Few plaintiffs have gone after companies' outside lawyers in backdating lawsuits. But a new derivative case against directors and officers at Brocade Communications Systems Inc. also targets the company's law firm, Wilson Sonsini Goodrich & Rosati. Filed April 18 in Northern District federal court by a small San Diego firm, Johnson Bottini, the suit accuses Wilson Sonsini of legal malpractice for allegedly blessing backdating at Brocade, a company that saw two of its former executives convicted of criminal charges.
In particular, the plaintiff alleges that the firm signed off on a part-time program for new Brocade hires that was really set up to grant stock options for the new employees at low points. The complaint also claims that Wilson Sonsini gave bad legal advice on a settlement proposal that didn't give enough to Brocade in another derivative case.
Although firm Chairman Larry Sonsini has been named in backdating suits in his role as a director, as in this case with Brocade, the firm hasn't (aside from a case brought by a pro se Rambus investor).
"The obvious reason that people don't sue them is because they're going to have a lot of cases with Wilson Sonsini in the future," said Francis Bottini Jr., the lead lawyer on the case. "But if there's a valid claim, it's our duty as lawyers to bring them for the company."
A Wilson Sonsini spokeswoman said the firm had no comment on the case. Ralph Ferrara, a Dewey & LeBoeuf lawyer representing Brocade's special litigation committee, which will decide whether to pursue the derivative claims, did not return a phone call and e-mail seeking comment.
Securities lawyers say they're not surprised that outside law firms haven't been pulled into backdating derivative suits, which are filed by shareholders seeking to return value to the company for wrongdoing, usually by directors and officers.
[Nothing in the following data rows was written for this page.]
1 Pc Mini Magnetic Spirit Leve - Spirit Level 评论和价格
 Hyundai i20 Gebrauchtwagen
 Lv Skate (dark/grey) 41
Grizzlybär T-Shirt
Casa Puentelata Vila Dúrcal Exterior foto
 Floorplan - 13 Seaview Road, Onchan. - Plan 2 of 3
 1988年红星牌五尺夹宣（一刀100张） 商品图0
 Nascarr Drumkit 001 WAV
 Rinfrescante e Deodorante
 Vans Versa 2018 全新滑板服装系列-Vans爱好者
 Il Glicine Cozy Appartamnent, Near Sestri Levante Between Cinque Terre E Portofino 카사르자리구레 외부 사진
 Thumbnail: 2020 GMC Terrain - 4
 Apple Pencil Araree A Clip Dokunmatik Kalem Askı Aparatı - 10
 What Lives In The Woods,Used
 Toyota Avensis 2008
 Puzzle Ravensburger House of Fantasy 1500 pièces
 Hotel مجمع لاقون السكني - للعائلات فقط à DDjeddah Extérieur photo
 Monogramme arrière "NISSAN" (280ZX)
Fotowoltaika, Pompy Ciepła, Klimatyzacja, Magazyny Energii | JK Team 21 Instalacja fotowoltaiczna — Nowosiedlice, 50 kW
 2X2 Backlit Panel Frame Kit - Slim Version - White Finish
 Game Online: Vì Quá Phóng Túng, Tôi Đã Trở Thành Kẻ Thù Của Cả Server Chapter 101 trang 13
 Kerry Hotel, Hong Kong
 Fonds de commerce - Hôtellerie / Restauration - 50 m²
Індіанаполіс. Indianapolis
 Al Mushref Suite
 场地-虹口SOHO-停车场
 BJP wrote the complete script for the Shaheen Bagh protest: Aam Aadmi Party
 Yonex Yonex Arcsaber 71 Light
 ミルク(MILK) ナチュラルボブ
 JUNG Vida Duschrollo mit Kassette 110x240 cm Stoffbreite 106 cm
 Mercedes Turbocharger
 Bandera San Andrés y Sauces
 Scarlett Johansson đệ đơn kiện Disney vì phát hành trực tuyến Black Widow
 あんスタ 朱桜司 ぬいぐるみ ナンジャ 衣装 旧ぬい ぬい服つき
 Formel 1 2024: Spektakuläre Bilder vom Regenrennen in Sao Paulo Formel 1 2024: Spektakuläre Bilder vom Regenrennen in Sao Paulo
"My belief is -- in the context of a shareholders' derivative action, and given the sophisticated relationship between outside counsel and the company -- that plaintiffs would have a hard time meeting several of the fundamental requirements of a derivative action [against an outside firm] and be successful," said Kenneth Philpot, a veteran defense-side securities litigator at Reed Smith in San Francisco.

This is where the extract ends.